BEGIN RECORDS SHOWN
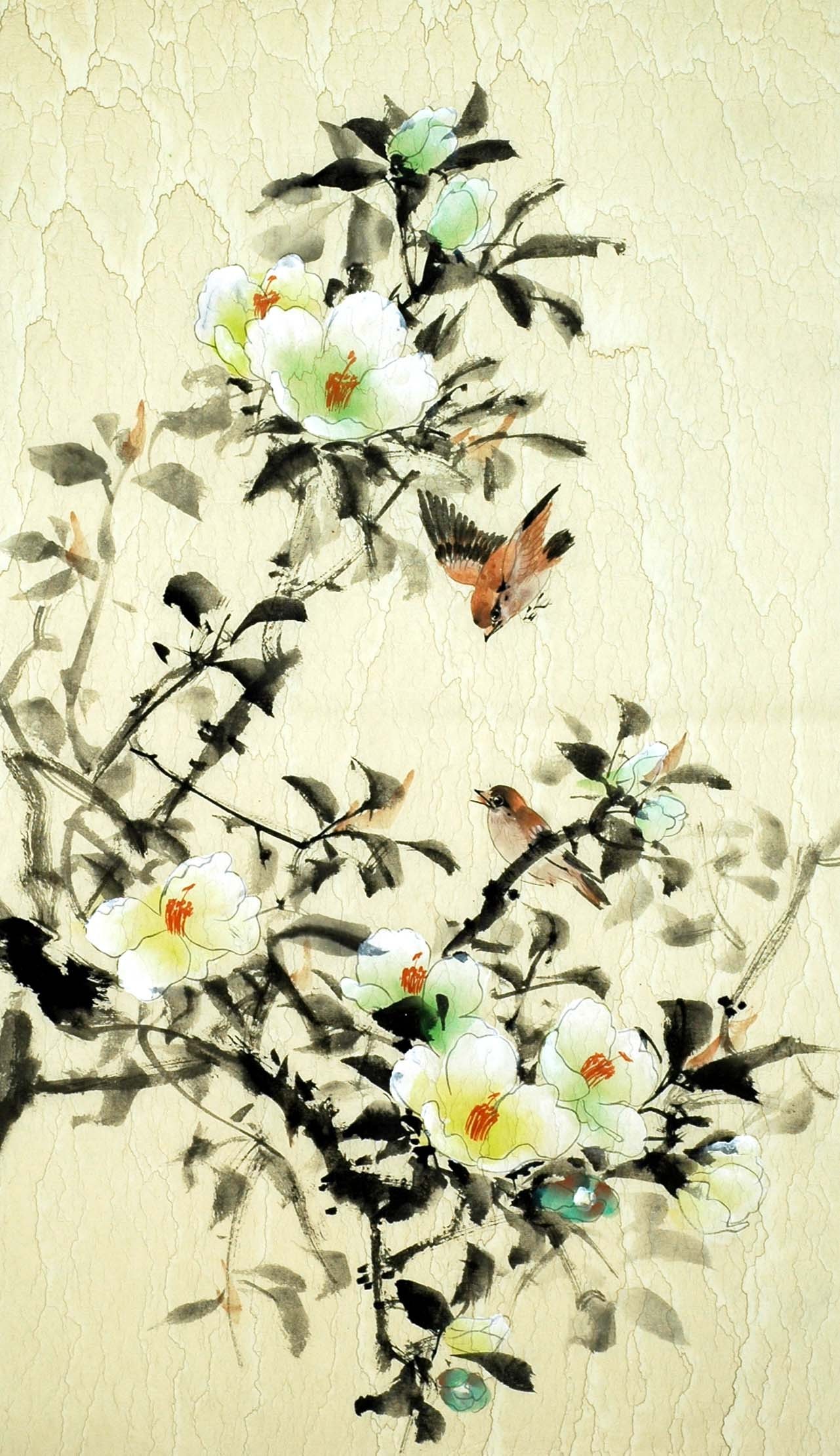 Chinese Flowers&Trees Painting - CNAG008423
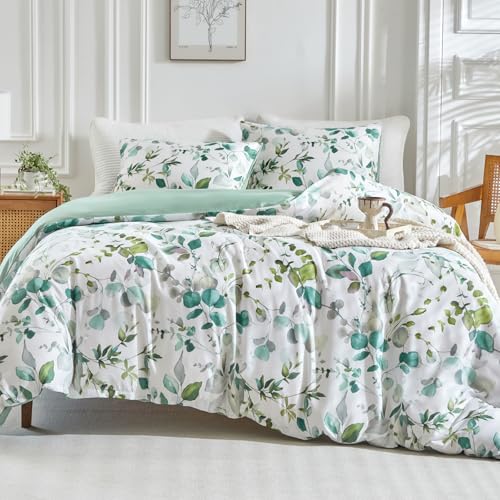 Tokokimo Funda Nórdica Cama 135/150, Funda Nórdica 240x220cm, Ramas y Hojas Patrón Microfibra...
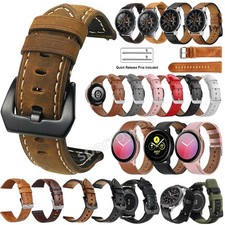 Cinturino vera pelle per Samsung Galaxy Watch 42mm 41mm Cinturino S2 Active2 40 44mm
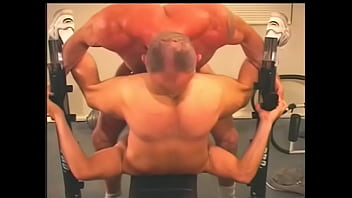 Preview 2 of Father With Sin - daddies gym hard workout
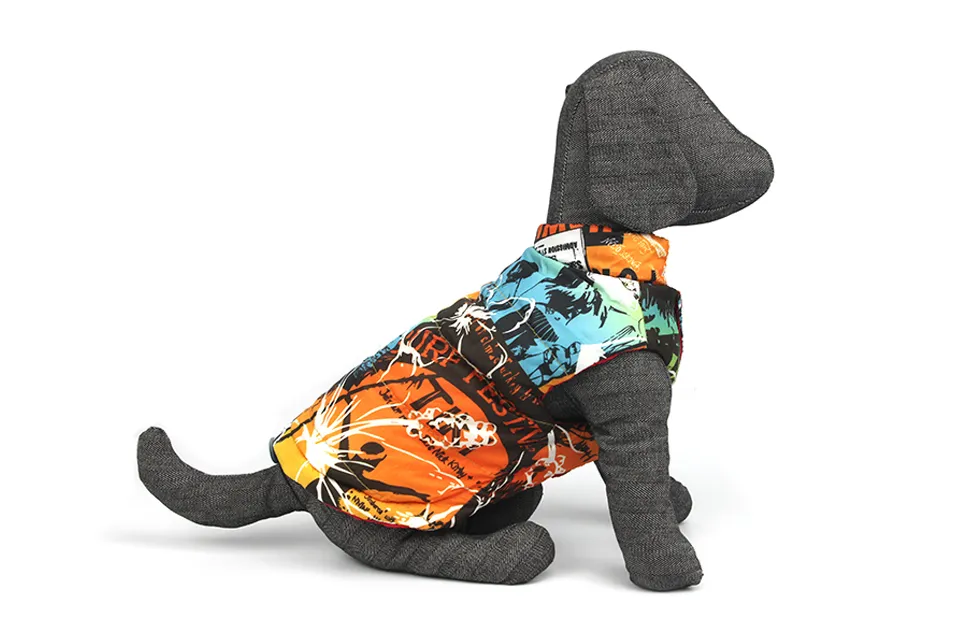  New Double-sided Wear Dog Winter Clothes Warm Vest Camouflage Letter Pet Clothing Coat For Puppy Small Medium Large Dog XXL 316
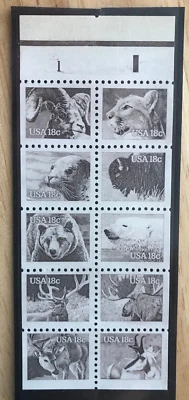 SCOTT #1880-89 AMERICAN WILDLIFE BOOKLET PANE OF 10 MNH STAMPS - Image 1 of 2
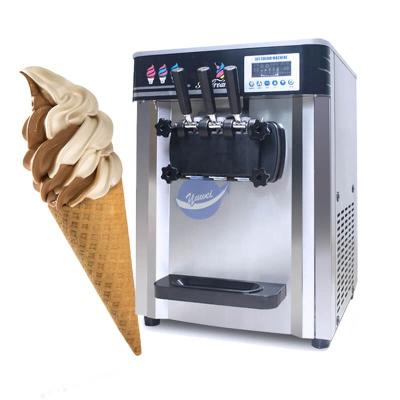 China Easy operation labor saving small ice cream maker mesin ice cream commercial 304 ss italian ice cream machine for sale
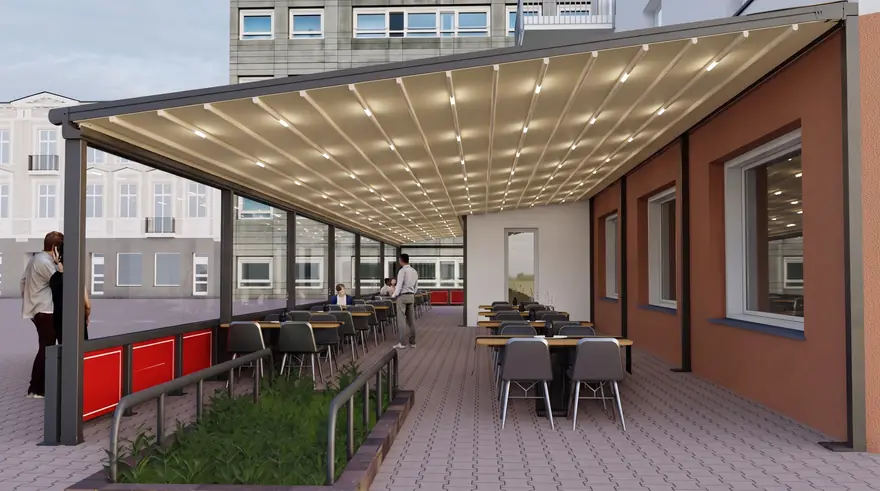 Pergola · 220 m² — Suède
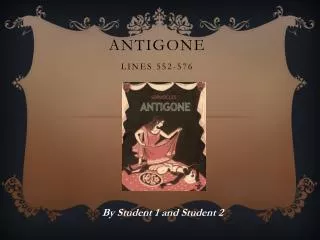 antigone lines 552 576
END RECORDS SHOWN
BEGIN RECORDS SHOWN
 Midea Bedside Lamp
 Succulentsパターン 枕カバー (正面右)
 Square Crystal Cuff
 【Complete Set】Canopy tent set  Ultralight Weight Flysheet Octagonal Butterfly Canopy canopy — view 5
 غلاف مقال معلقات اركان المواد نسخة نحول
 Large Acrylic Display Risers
END RECORDS SHOWN
WHAT YOU WILL DO -
The copy should hold exactly the lines above from the one with "Chinese Flowers&Trees Painting - CNAG008423" through the one with "antigone lines 552 576", both ends counted, and no pictures at all.

COMPLETED EXERCISE -
 Chinese Flowers&Trees Painting - CNAG008423
 Tokokimo Funda Nórdica Cama 135/150, Funda Nórdica 240x220cm, Ramas y Hojas Patrón Microfibra...
 Cinturino vera pelle per Samsung Galaxy Watch 42mm 41mm Cinturino S2 Active2 40 44mm
 Preview 2 of Father With Sin - daddies gym hard workout
  New Double-sided Wear Dog Winter Clothes Warm Vest Camouflage Letter Pet Clothing Coat For Puppy Small Medium Large Dog XXL 316
 SCOTT #1880-89 AMERICAN WILDLIFE BOOKLET PANE OF 10 MNH STAMPS - Image 1 of 2
 China Easy operation labor saving small ice cream maker mesin ice cream commercial 304 ss italian ice cream machine for sale
 Pergola · 220 m² — Suède
 antigone lines 552 576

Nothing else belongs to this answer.